Activity: The reply should hold only the lines below beginning at the one with "My guest today" and ending at the one with "Hello everybody and", copied exactly, with every picture left out.

Entries shown:
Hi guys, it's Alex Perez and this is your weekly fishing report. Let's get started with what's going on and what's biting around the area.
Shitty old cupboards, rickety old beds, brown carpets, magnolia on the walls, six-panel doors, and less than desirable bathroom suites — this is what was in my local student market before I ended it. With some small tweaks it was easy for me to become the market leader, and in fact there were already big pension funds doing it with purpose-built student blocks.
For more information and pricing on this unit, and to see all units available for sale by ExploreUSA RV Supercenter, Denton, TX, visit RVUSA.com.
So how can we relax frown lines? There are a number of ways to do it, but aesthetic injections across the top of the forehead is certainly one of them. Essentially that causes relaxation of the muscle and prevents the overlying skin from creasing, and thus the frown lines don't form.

---

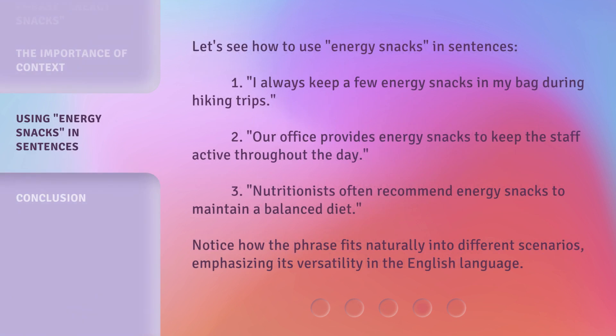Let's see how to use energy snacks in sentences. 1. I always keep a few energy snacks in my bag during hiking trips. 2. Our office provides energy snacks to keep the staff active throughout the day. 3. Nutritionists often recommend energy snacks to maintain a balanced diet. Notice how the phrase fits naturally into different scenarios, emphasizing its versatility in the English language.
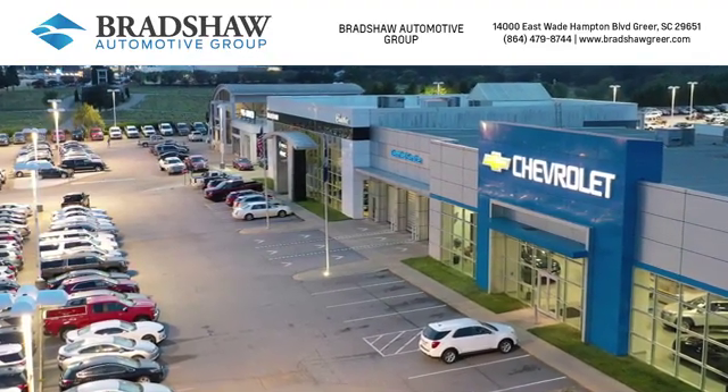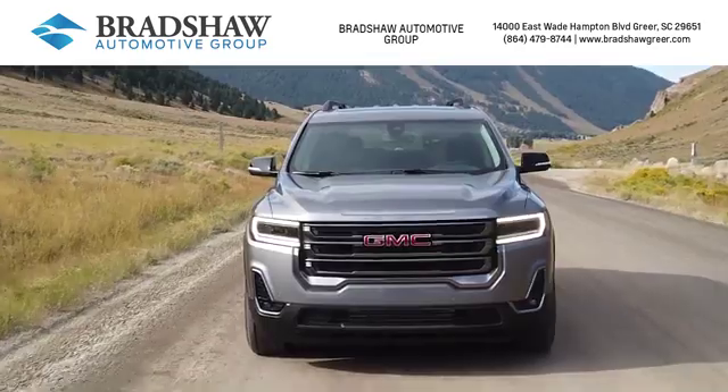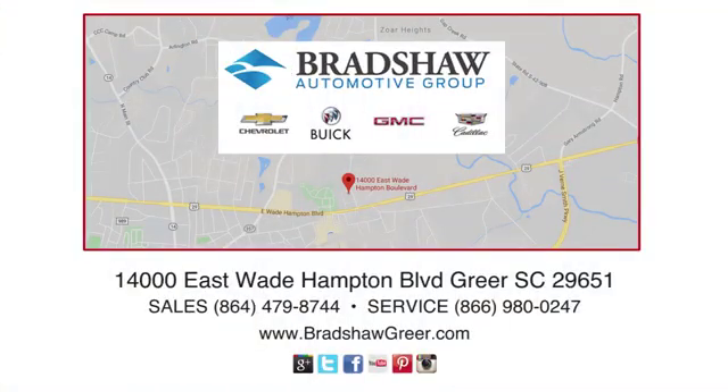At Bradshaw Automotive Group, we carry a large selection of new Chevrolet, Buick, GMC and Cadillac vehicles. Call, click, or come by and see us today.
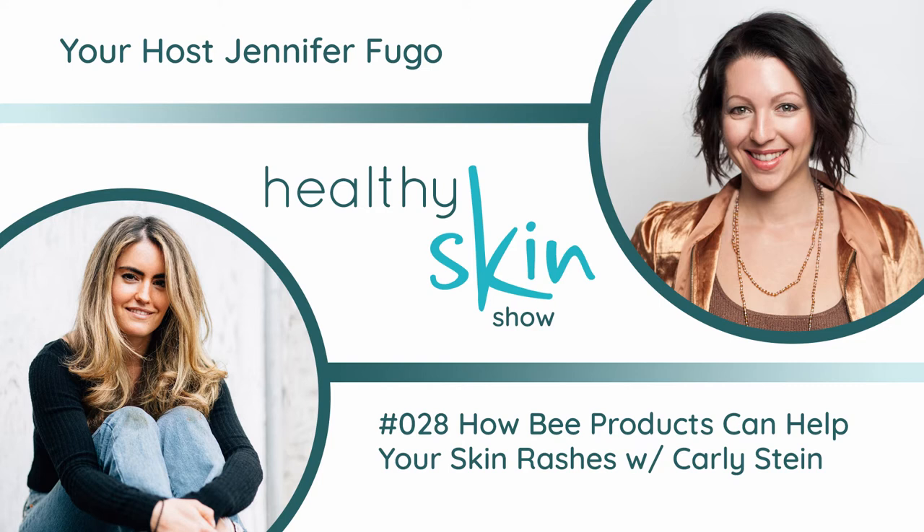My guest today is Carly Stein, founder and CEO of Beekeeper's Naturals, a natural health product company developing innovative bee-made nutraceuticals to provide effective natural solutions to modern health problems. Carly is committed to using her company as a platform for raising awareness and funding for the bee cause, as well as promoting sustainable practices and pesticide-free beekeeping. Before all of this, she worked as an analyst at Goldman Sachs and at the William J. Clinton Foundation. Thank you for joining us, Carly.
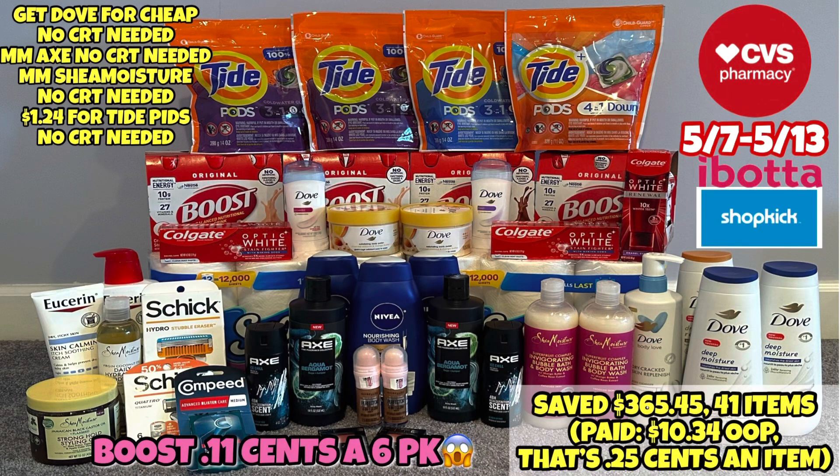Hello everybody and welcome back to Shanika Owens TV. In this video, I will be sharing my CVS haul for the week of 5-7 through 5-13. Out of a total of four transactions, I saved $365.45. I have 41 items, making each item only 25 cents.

==

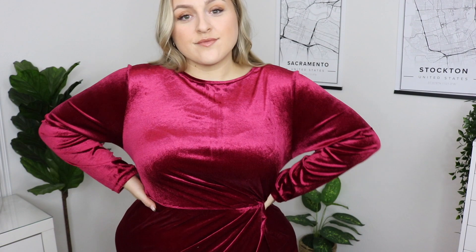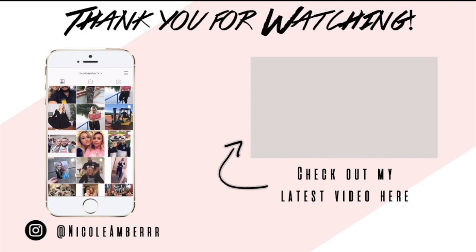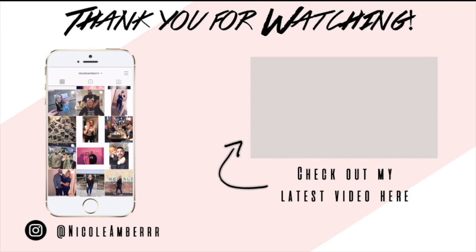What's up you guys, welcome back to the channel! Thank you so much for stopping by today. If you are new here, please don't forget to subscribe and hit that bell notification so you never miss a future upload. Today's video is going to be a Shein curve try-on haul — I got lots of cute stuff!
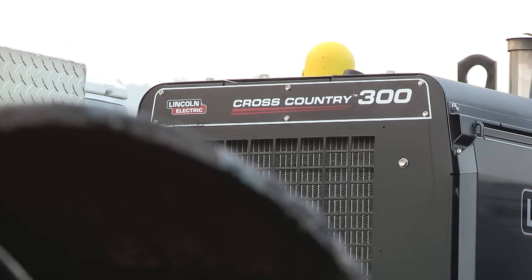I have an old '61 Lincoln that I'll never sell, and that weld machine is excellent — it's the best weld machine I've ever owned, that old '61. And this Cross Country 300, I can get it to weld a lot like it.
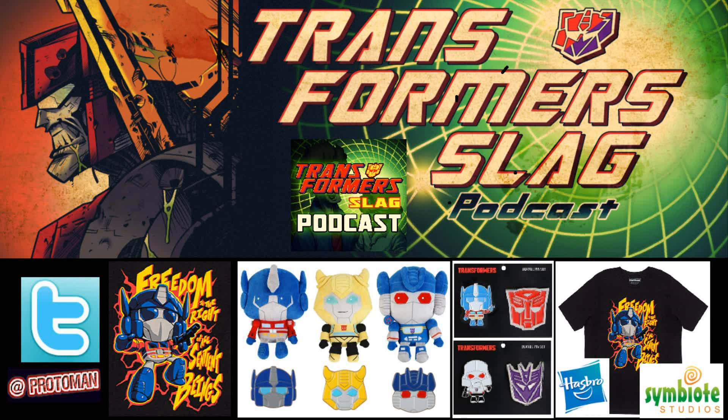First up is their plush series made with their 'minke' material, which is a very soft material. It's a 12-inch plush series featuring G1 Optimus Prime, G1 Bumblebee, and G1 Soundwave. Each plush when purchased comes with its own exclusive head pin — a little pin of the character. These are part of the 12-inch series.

Task answer:
My guest today is Carly Stein, founder and CEO of Beekeeper's Naturals, a natural health product company developing innovative bee-made nutraceuticals to provide effective natural solutions to modern health problems. Carly is committed to using her company as a platform for raising awareness and funding for the bee cause, as well as promoting sustainable practices and pesticide-free beekeeping. Before all of this, she worked as an analyst at Goldman Sachs and at the William J. Clinton Foundation. Thank you for joining us, Carly.
Hello everybody and welcome back to Shanika Owens TV. In this video, I will be sharing my CVS haul for the week of 5-7 through 5-13. Out of a total of four transactions, I saved $365.45. I have 41 items, making each item only 25 cents.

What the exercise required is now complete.